Elektabilitas Jokowi Tertinggi: Capres Lain Ke Mana Aja?

Lagi-lagi Jokowi menguasai survei. Dalam survei yang dirilis Populi Center pada 24 April 2024, elektabilitas Jokowi mengungguli para capres yang banyak digadhang-gadhang masyarakat: Prabowo Subianto, Anies Baswedan dan Ganjar Pranowo. Selama tiga tahun berturut-turut survei tersebut, Jokowi selalu berada di puncak klasemen elektabilitas. Survei Populi Center itu juga mencatat bahwa kepuasan terhadap kinerja Presiden Jokowi pun masih tinggi, 62 persen….
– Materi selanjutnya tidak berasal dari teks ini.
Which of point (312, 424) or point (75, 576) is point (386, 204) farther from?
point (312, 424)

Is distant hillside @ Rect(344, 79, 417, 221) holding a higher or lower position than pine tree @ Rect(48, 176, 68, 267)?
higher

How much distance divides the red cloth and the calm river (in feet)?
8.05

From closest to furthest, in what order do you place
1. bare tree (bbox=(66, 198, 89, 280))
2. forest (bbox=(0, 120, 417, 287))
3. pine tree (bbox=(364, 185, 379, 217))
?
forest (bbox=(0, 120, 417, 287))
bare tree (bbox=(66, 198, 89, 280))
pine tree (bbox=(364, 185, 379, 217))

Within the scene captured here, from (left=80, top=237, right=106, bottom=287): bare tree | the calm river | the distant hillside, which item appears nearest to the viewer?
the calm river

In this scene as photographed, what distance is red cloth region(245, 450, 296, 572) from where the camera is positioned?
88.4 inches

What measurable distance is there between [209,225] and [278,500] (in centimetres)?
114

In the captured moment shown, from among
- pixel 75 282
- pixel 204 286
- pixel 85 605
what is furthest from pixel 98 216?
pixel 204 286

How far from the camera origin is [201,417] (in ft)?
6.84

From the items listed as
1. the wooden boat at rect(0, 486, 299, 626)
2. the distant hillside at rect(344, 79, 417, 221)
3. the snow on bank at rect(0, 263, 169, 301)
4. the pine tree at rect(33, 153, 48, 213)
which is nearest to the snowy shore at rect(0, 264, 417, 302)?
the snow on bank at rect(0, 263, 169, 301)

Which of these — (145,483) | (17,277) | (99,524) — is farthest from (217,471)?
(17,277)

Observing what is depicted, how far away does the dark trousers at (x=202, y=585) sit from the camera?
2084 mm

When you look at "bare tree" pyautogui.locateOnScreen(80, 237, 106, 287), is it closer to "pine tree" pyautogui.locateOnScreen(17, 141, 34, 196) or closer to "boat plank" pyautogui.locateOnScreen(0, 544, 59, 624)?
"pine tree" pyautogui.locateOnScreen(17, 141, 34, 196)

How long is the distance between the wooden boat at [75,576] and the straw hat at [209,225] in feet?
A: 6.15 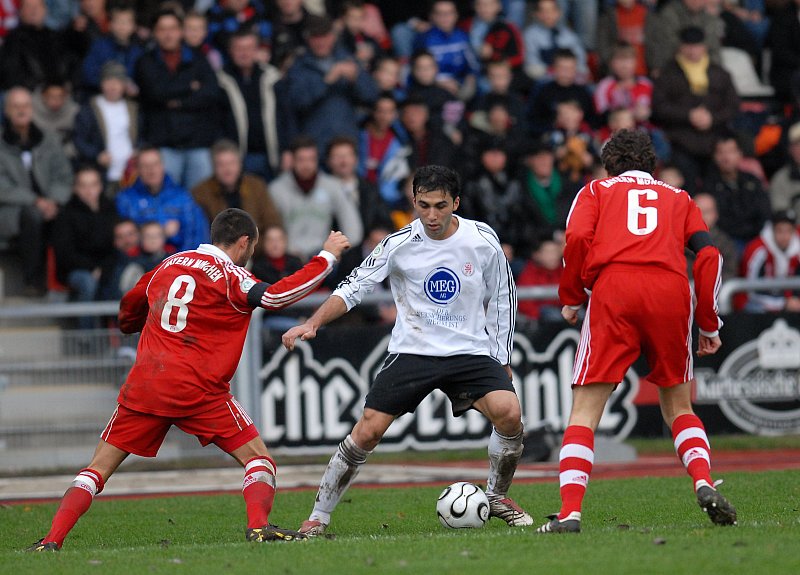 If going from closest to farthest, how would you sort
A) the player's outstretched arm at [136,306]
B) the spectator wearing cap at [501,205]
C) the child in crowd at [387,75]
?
1. the player's outstretched arm at [136,306]
2. the spectator wearing cap at [501,205]
3. the child in crowd at [387,75]

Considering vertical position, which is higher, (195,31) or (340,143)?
(195,31)

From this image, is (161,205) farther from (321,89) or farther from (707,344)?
(707,344)

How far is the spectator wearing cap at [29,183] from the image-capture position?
14.7m

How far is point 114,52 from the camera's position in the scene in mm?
16297

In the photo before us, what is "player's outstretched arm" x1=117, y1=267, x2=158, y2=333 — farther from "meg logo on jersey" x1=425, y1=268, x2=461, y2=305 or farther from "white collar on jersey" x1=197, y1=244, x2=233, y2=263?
"meg logo on jersey" x1=425, y1=268, x2=461, y2=305

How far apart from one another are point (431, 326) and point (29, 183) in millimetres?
7766

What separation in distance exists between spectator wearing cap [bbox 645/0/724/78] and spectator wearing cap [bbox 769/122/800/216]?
189cm

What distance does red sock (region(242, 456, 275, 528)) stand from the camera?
27.0ft

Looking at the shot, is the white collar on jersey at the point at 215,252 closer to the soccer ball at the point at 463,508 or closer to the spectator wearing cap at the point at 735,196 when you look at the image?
the soccer ball at the point at 463,508

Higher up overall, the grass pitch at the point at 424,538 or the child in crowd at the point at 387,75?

Belakangan ini memang cukup gaduh berita-berita yang membuat prihatin. Demo mahasiswa menolak tiga periode yang berakhir dengan pemukulan Ade Armando, hingga mahal dan langkanya minyak goreng, misalnya. Herannya kegaduhan dalam negeri ini, ternyata tidak juga membuat elektabilitas Jokowi menyurut.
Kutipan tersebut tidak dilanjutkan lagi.